I've been hearing and seeing something for the past couple years,
something that seems to be becoming a folk theorem.  The theorem goes
like this:

	Many expert systems are being reimplemented in C.

	If even the expert system companies are abandoning
"special-purpose AI languages" like Lisp and Prolog, surely nobody
else - other than academics and semi-academics - will use them.


I'm curious what the facts are.  Which companies are reimplementing in
C (or other languages).  Why?  And what (roughly) does "reimplementing
in C" mean?  What languages are used for development of new products?
What will happen in the future?  Which companies are not reimplementing?
Why not?

(I'm concentrating on these particular companies because they're what the
"theorizers" concentrate on.  Comments from others welcome.)
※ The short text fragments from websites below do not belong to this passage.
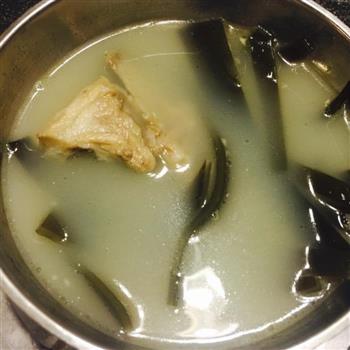 除湿解暑的海带绿豆排骨汤的做法图解5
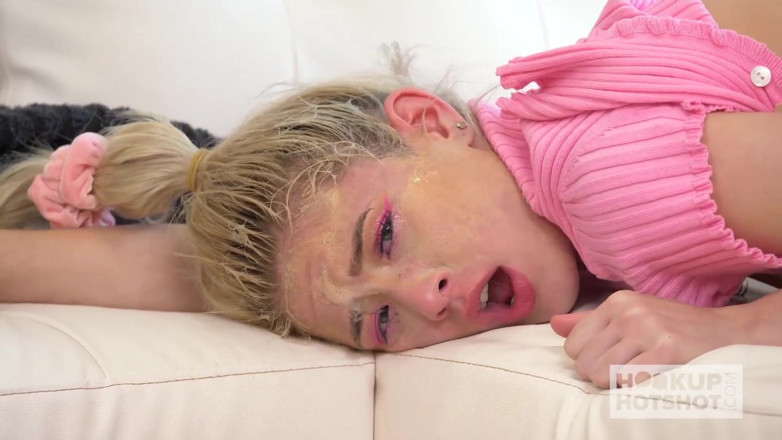Hookup Hotshot: Skinny blonde Jessie Saint gets fucked into a mess on...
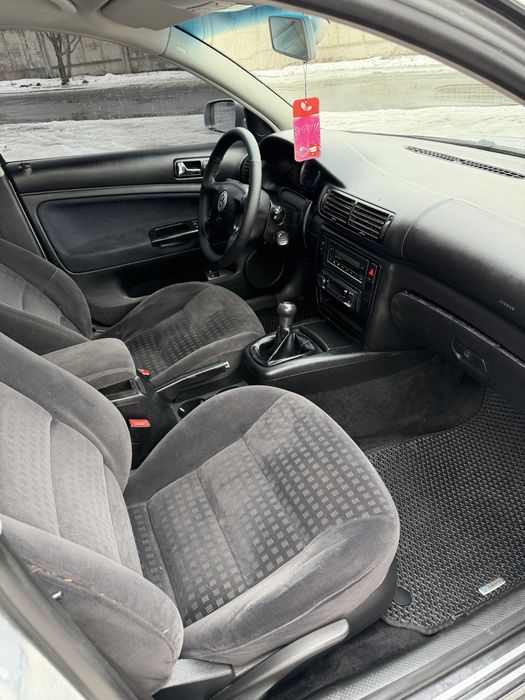 авто фольцваген пасат б5+ 1.6 бензин 2003р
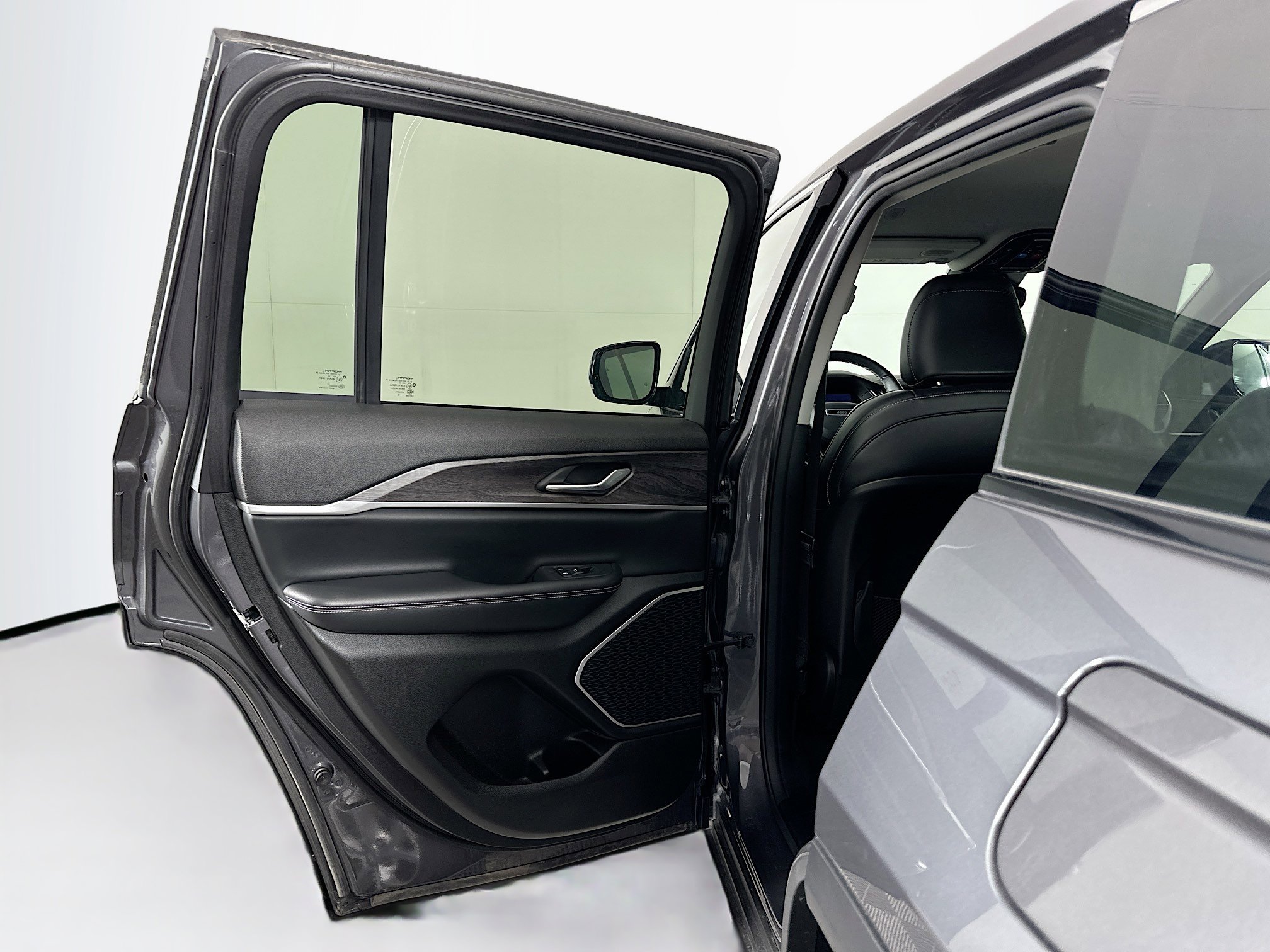 Used 2022 Jeep Grand Cherokee Limited image 25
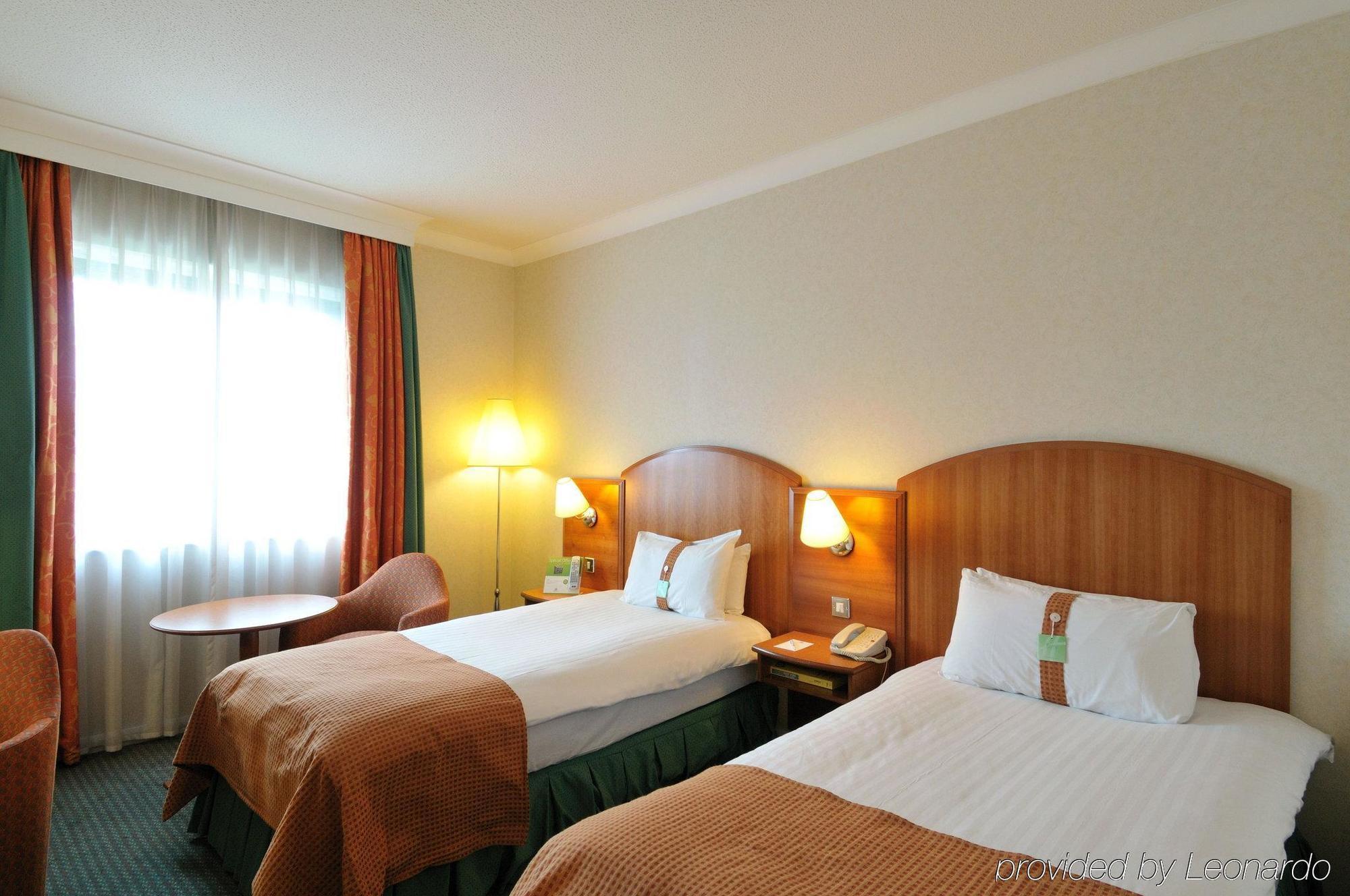 Отель Doubletree By Hilton Уокинг Экстерьер фото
Brian Marick, Wombat Consort
Gould Computer Systems -- Urbana && University of Illinois
...ihnp4!uiucdcs!ccvaxa!marick
ARPA:  Marick@GSWD-VMS

jc@cdx39.UUCP (08/20/86)

> I've been hearing and seeing something for the past couple years,
> something that seems to be becoming a folk theorem.  The theorem goes
> like this:
> 	Many expert systems are being reimplemented in C.
> I'm curious what the facts are.  

  [I program in C, and have reached the conclusion that most AI
  programming could be done in that language as easily as in LISP
  if libraries of list-oriented subroutines were available.  (They
  needn't be consed lists -- I use dynamically allocated arrays.)
  You do have to worry about storage deallocation, but that buys you
  considerable run-time efficiency.  You also lose the powerful
  LISP debugging environment, so fill your code with lots of
  argument checks and ASSERTs.  Tail recursion isn't optimized,
  so C code should use iteration rather than recursion for most
  array-based list traversals.  Data-driven and object-oriented
  coding are easy enough, but you can't easily build run-time
  "active objects" (i.e., procedures to be applied to message
  arguments); compiled subroutines have to do the work, and dynamic
  linking is not generally worth the effort.  I haven't tried much
  parsing or hierarchy traversal, but programs such as LEX, YACC,
  and MAKE show that it can be done.  -- KIL]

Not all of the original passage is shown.